▶ _Task item_
Could you copy all of the records below exactly as they appear?

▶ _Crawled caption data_
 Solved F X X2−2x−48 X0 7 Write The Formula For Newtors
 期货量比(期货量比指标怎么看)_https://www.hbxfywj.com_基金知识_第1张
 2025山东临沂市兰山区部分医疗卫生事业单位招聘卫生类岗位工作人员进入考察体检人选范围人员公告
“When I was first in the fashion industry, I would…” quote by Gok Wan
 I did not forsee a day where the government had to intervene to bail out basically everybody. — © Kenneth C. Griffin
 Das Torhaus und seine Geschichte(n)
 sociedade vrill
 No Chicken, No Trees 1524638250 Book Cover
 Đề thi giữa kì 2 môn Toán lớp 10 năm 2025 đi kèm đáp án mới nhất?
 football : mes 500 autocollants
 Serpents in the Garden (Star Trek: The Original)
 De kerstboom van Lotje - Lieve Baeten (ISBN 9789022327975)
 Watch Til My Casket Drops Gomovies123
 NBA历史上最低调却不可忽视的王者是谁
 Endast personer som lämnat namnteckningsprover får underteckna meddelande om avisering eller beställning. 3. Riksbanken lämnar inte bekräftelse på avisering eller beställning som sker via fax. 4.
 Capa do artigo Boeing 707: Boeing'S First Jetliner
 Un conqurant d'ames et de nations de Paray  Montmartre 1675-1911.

▶ _The completed task_
 Solved F X X2−2x−48 X0 7 Write The Formula For Newtors
 期货量比(期货量比指标怎么看)_https://www.hbxfywj.com_基金知识_第1张
 2025山东临沂市兰山区部分医疗卫生事业单位招聘卫生类岗位工作人员进入考察体检人选范围人员公告
“When I was first in the fashion industry, I would…” quote by Gok Wan
 I did not forsee a day where the government had to intervene to bail out basically everybody. — © Kenneth C. Griffin
 Das Torhaus und seine Geschichte(n)
 sociedade vrill
 No Chicken, No Trees 1524638250 Book Cover
 Đề thi giữa kì 2 môn Toán lớp 10 năm 2025 đi kèm đáp án mới nhất?
 football : mes 500 autocollants
 Serpents in the Garden (Star Trek: The Original)
 De kerstboom van Lotje - Lieve Baeten (ISBN 9789022327975)
 Watch Til My Casket Drops Gomovies123
 NBA历史上最低调却不可忽视的王者是谁
 Endast personer som lämnat namnteckningsprover får underteckna meddelande om avisering eller beställning. 3. Riksbanken lämnar inte bekräftelse på avisering eller beställning som sker via fax. 4.
 Capa do artigo Boeing 707: Boeing'S First Jetliner
 Un conqurant d'ames et de nations de Paray  Montmartre 1675-1911.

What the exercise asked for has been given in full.